Over the past few years, competition for accommodation has risen at an exponential rate following Glasgow University’s soaring acceptance rates for both domestic and international students. Choice has become a thing of the past as those lucky enough to get a flat viewing are forced to accept sub-par living conditions in the fear of not finding an alternative. As one four year film student remembers: “It reached late October and my friend and I still hadn’t managed to find anything. We were sleeping on friend’s sofas. It was a really stressful and unhappy time.”

For Glasgow’s letting agencies, this renting climate has offered up a wealth of opportunity to make as much money as possible. Students are not only being faced with paying large amounts of money for flats where the standards are increasingly intolerable, they are also being hit with various fees and charges by agencies. It is here that the most important point in this article must be underlined: students are under absolutely no obligation to pay anything more than their rent and a deposit that must be kept in Scotland’s tenancy protection scheme, SafeDeposits. The fact is, a vast proportion of students have no knowledge of this, while it can safely be assumed that all of Glasgow’s letting agencies are more than familiar with the rule. Students are consequently being exploited for their ignorance and paying for things such as “admin fees”, “premium fees” and “credit check fees”, all of which can cost up to £100.

One of the most notorious agencies involved in this deception is Infiniti. In the past few months, Infiniti has been brought into the public eye by the Glaswegian tenant union Living Rent after a renter sought reimbursement following charges including £180 in illegal fees. This was finally recovered after a five-day standoff where Infiniti’s staff barricaded themselves into the office and hired two security guards. As Living Rent reported, “The extreme measures with which Infiniti reacted has proven that companies like them are not used to being challenged by organised tenants.”

All of these charges are illegal under the Rent Scotland Act. So it begs the question, how are letting agencies getting away with breaking the law and why does it take the involvement of a tenant’s union to ensure justice prevails? After speaking to Glasgow City Council and the Citizen’s Advice Bureau, it becomes clear that a level of uncertainty surrounds the legality of these fees. Both institutions believe the other is responsible for advising a tenant who faces additional charges while neither seem sure of what to suggest when it comes to advising tenants who have already paid an illegal fee and are now looking to reclaim their money. Their ambiguity reveals an absence of any methods or practises in place to enforce the Rent Scotland Act and in this way, similar to so many pieces of legislation designed to protect civil rights, there exists a discrepancy between the law in theory and practise. One member of Living Rent, underlines this point stating: “Methods to reprimand letting agents who break the law are haphazard, not punitive and take a long time to implement. There is next to no guidance for average humans on how to go about getting redress and extremely limited scope of getting funding for such actions.”

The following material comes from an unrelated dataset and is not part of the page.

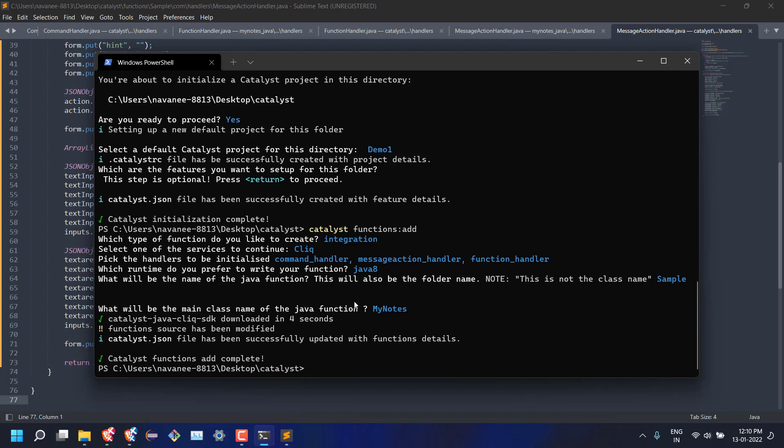Once done, enter the command catalyst space deploy to push the changes to the server.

Without any clear-cut way for tenants to protect themselves from letting agencies, they are forced to seek justice independently and through a process that is costly and time consuming. Meanwhile, an agent operates in the full knowledge that their actions will not be met with a criminal prosecution. At worst, a tenant may bring them to civil court, a process that takes up to six months and is often settled prior to the hearing after an agent agrees to settle with a “good will” pay out. It’s worth noting that in this instance, the agent manages to avoid admitting responsibility for any wrongdoing and, in evading a court proceeding, is able to continue charging their additional fees. At best and by far most probably, stand the chances of a letting agency’s unlawful fees remaining unchallenged by a tenant. As a Living Rent spokesman outlines: “Once people leave, they have little incentive to fight for the fees. Agents intimidate and threaten those who raise issues and when people are looking forward to new flats with new agents, it is time consuming and tedious to fight a historic fight. Many tenants feel vulnerable and do not have the required tenacity to force the agents to return the illegal fees.” Power and control ultimately lie in the hands of an agency; they are protected by their size and comforted by the notion that even if the occasional tenant decides to challenge their illegitimate behaviour, the repercussions to their status or finances will be negligible.

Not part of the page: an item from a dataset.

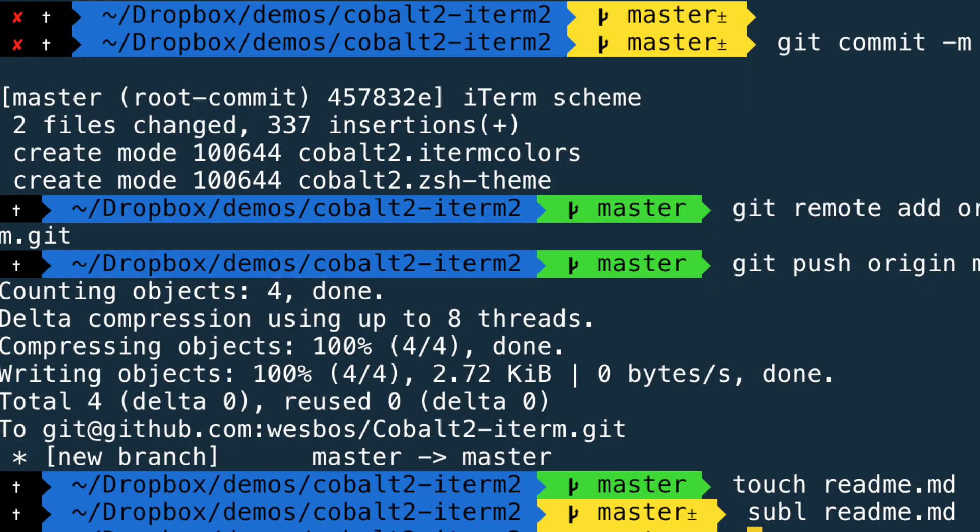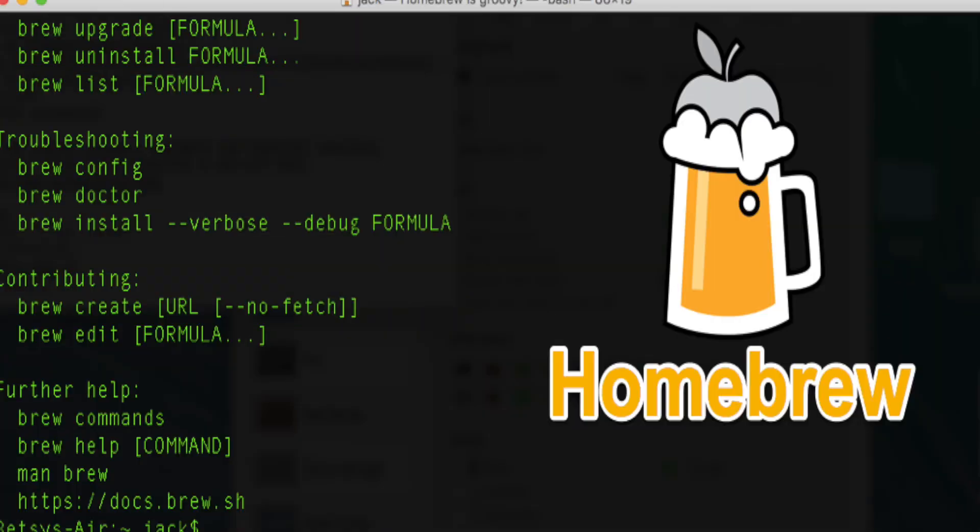For my command line, I use ZSH. I highly recommend that you use this too for pretty much any language you're coding in. ZSH gives you a really amazing environment. Also get Homebrew — it allows you to install things very easily, and it will also be the thing that allows you to install ZSH.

We have entered into a situation where the maltreatment of tenants has become commonplace, whether that be in the form of a failure to ensure the living conditions of a flat are adequate to the needs of the tenants. Agencies are shielded by the prolific nature of these transgressions, a factor that restricts the law in guaranteeing universal retribution. They have developed into a somewhat insurmountable force, and yet, what remains clear is that their defeat is achievable. As Living Rent have proven, compensation and justice are possible and this is set to become even more effective following the introduction of class action claims in Scotland. This will allow individuals who are claiming under similar circumstances – such as illegal fees- to collaborate and seek compensation under one proceeding rather than facing the dispute alone. In doing so, a letting agency’s confidence in avoiding significant penalties will rupture.